| > a VP must sign off on changing status pages, which is... backwards to say the least. I think most people's experience with "VP's" makes them not realize what AWS VP's do. VP's here are not sitting in an executive lounge wining and dining customers, chomping on cigars and telling minions to "Call me when the data center is back up and running again!" They are on the tech call, working with the engineers, evaluating the problem, gathering the customer impact, and attempting to balance communicating too early with being precise. Is there room for improvement? Yes. I wish we would just throw up a generic "Shit's Fucked Up. We Don't Know Why Yet, But We're Working On It" message. But the reason why we don't, doesn't have anything to do with having to get VP approval to put that message up. The VP's are there in the trenches most of the time. |
I gotta say, the implication that you can't register an outage until you know why it happened is pretty damning. The status page is where we look to see if services are effected, if that information can't be shared there until you understand the cause, that's very broken.
The AWS status page has become kind of a joke to customers.

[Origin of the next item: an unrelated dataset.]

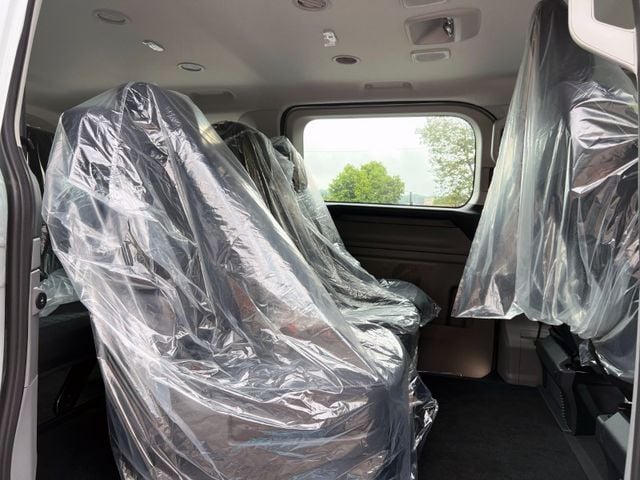 Ford/福特  Tourneo Custom  第9張相片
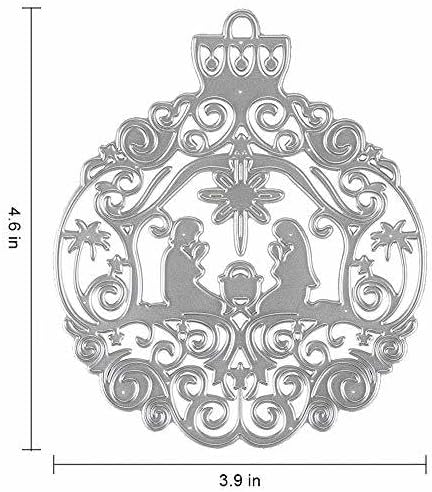 Easter Die Cuts for Card Making,Pary Cutting Dies Religion Prayer Embossing Template for Scrapbooking DIY Cards Album Crafts Supplies Decorations...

I was encouraged to see the announcement in OP say that there is "a new version of our Service Health Dashboard" coming. I hope it can provide actual capabilities to display, well, service health.
From how people talk about it, it kind of sounds like updates to the Service Health Dashboard are currently purely a manual process. Rather than automated monitoring automatically updating the Service Health Dashboard in any way at all. I find that a surprising implementation for an organization of Amazon's competence and power. That alarms me more than who it is that has the power to manually update it; I agree that I don't have enough knowledge of AWS internal org structures to have an opinion on if it's the "right" people or not.
I suspect AWS must have internal service health pages that are actually automatically updated in some way by monitoring, that is, that actually work to display service health. It seems like a business decision rather than a technical challenge if the public facing system has no inputs but manual human entry, but that's just how it seems from the outside, I may not have full information. We only have what Amazon shares with us of course.